Current account (CA) surplus widened to RM14.1bn or 3.1% of GNI (2Q22: RM4.4bn or 1.0% of GNI), on account of the higher surplus registered in the goods account (RM43.0bn; 2Q22: RM34.0bn). The services account also recorded a smalle r deficit of -RM9.6bn (2Q22: -RM12.3bn) mainly due to higher travel and transport receipts, following the improvement in inbound tourist arrivals. Meanwhile, the primary income account deficit widened (-RM17.2bn; 2Q22: -RM14.7bn) owing to lower investment income generated by Malaysian firms investing aboard.

HLIB’S VIEW

Following the strong 3Q22 GDP posting and better-than-expected economic releases thus far, we revise upwards our 2022 GDP forecast to +8.2% YoY (previous: +6.5% YoY). Although we still expect growth to moderate in 4Q22, following the absence of base effect and weakening external demand, the economy is expected to continue to be supported by domestic demand amid the improving labour market situation. Meanwhile, following the darkening global outlook, we downgrade our 2023 GDP to +4.2% YoY (previous: +4.5% YoY). This is still in line with the official forecast range of 4.0% - 5.0% YoY.

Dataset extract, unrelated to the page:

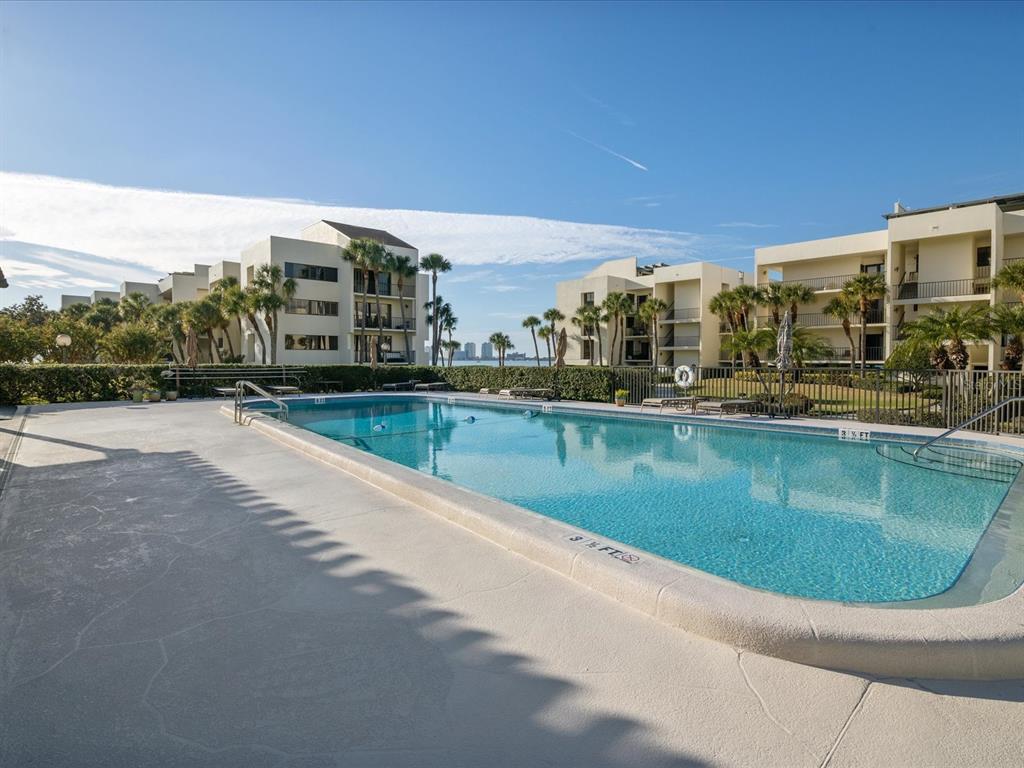 50 Coe Road, Unit 126 Belleair, FL 33756 - Photo 25 of 39 a view of a swimming pool with a terrace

BNM reiterated that the Malaysian economy will continue to be supported by firm domestic demand for the rest of the year. The economy will continue to expand, albeit at a softer pace in 4Q22, reflecting the more challenging global environment and dissipating base effect, consistent with our view. For 2023, BNM also expects the economy to continue to be supported by domestic demand and further improvements in the labour market. Meanwhile, headline inflation is expected to moderate but remain elevated in 4Q22, while core inflation is anticipated to remain high for the rest of the year. Going into 2023, both headline and core inflation are expected to remain high amid both demand and cost pressures and possible adjustments to domestic policies. Taking these developments into account, we expect BNM to raise OPR by another 50bps by Mar 2023.